Recipe by Diana #2
Yes, this is the thirteenth entry for this particular recipe, and yes, it is different from all the rest. This is one of the most requested desserts I have. Easy to put together, and ohhhhhh soooooo gooooood. (People actually make strange noises while eating it.) It will keep for a few days in the fridge, but only if you padlock the door. :) Cooking time does not include the time needed for chilling.
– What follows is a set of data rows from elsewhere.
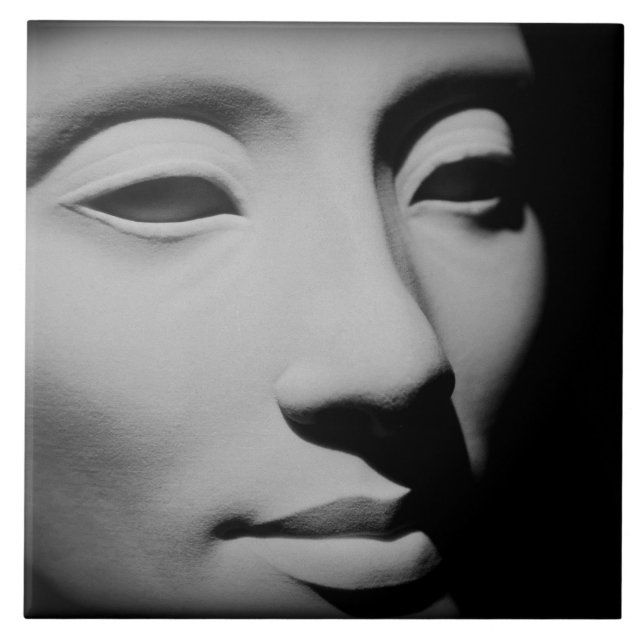 Face of Nefertiti EC22-14 Tile (Front)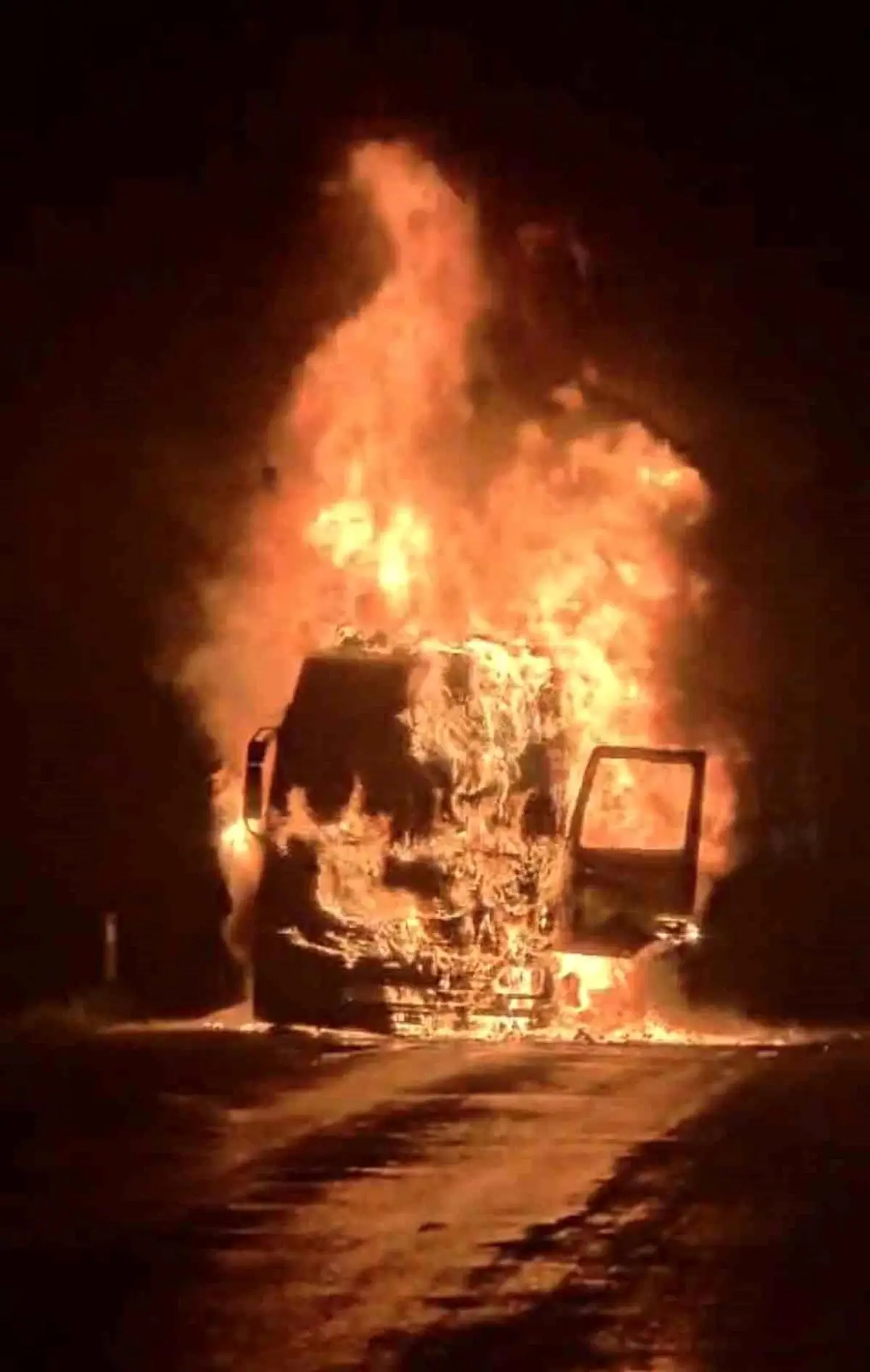 Tarsus’ta Plastik Yüklü Tır Yangını: Sürücü Zorluğu Atlattı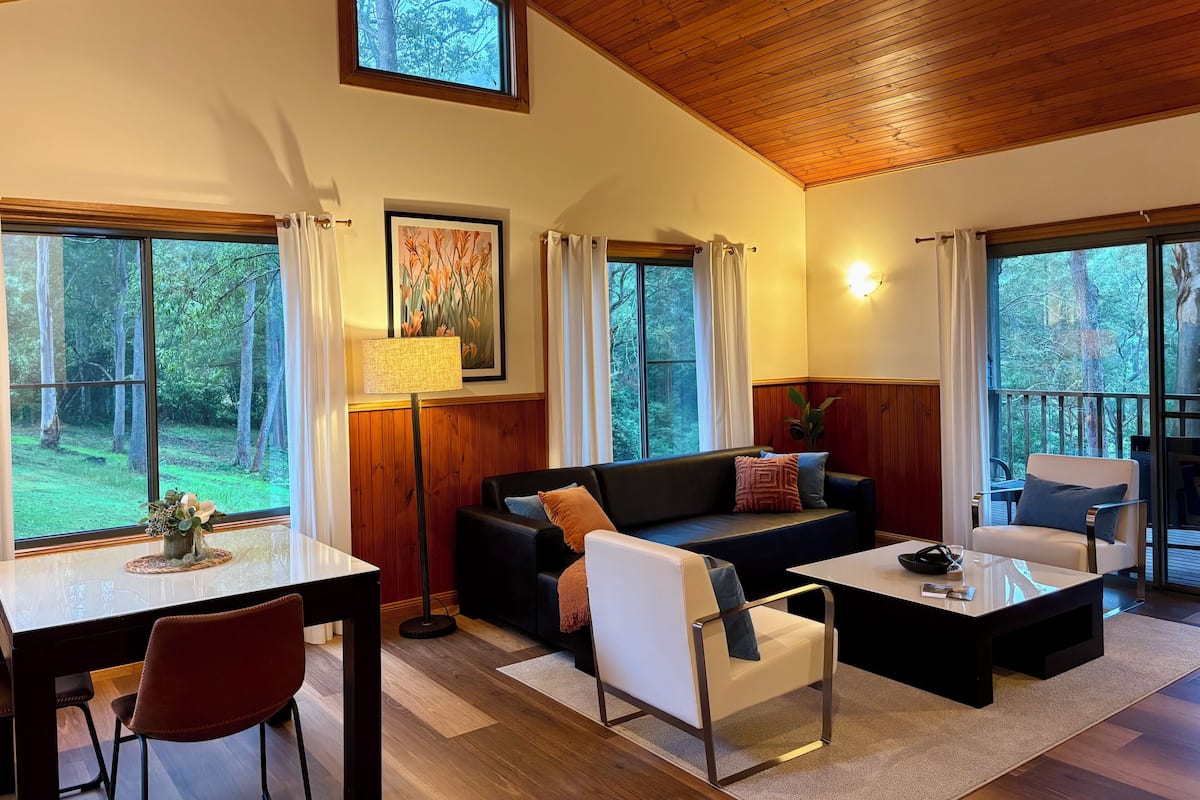Deluxe Cabin, 1 Queen Bed, Kitchenette, Garden View | Premium bedding, down duvets, pillow-top beds, individually decorated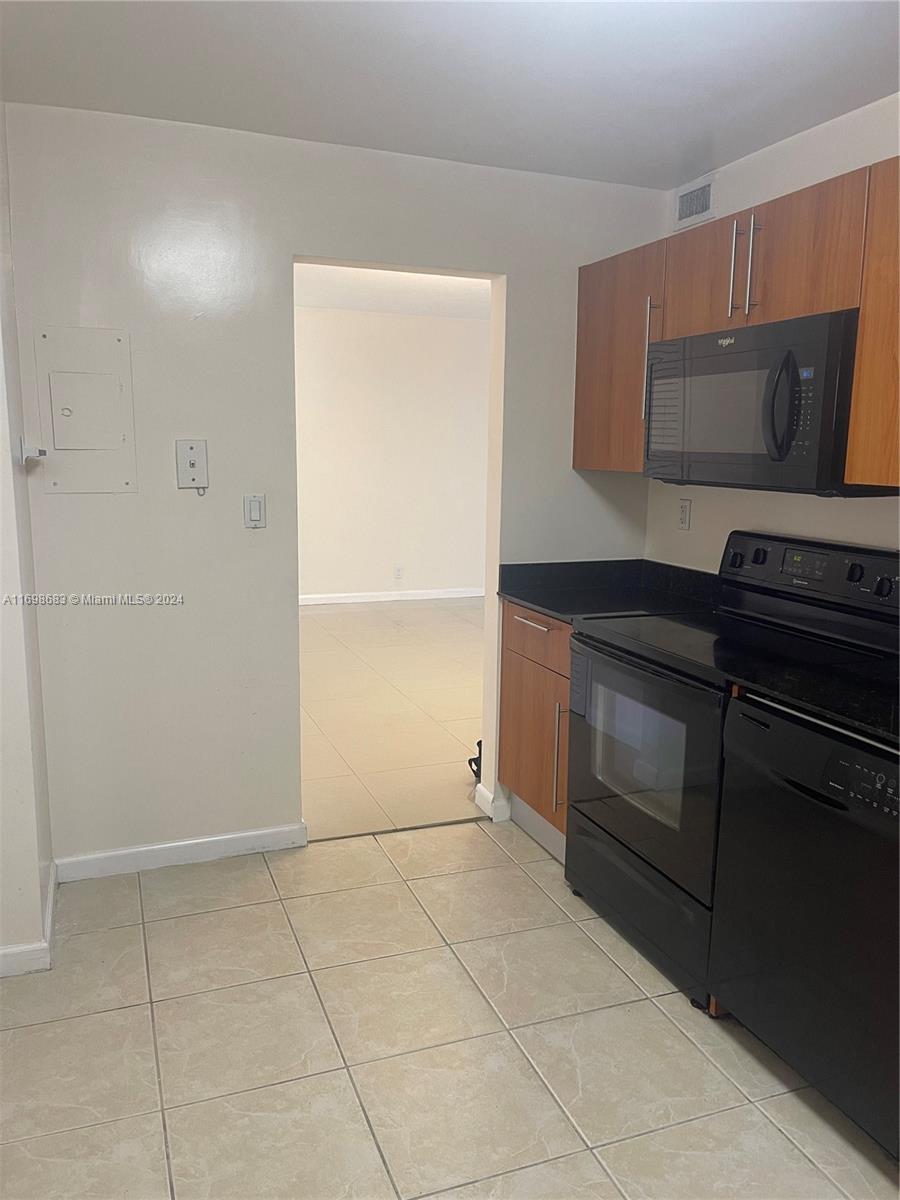3001 S Ocean Dr # 933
NOTE: whipped cream is measured after it has been whipped.
- 1⁄2 cup butter, soft (margarine works very well)
- 3 teaspoons sugar
- 1 cup flour
- 1 cup pecans, coarsely chopped
- 8 ounces cream cheese, soft
- 1 cup icing sugar
- 2 cups whipped cream
- 1 (106 g) package chocolate instant pudding, 4 serving size
- 1 (106 g) package instant vanilla pudding, 4 serving size
- 2 cups milk
- 1 1⁄2 cups whipped cream
- 1 chocolate bar, grated
Directions See How It's Made
- Beat together the butter and sugar. Blend in flour, then stir in the chopped pecans.
- Press mixture into a 9 x 13 pan. Bake for 25 minutes at 350*. Cool.
- Combine cream cheese, and icing sugar. Add 2 cups whipped cream.
- Pour this mixture over the crust.
- Combine both pudding mixes with the milk. Pour over cheese mixture.
- Ice with 1-1/2 cups whipped cream and sprinkle with grated chocolate.
- Chill for at least 4 hours before serving.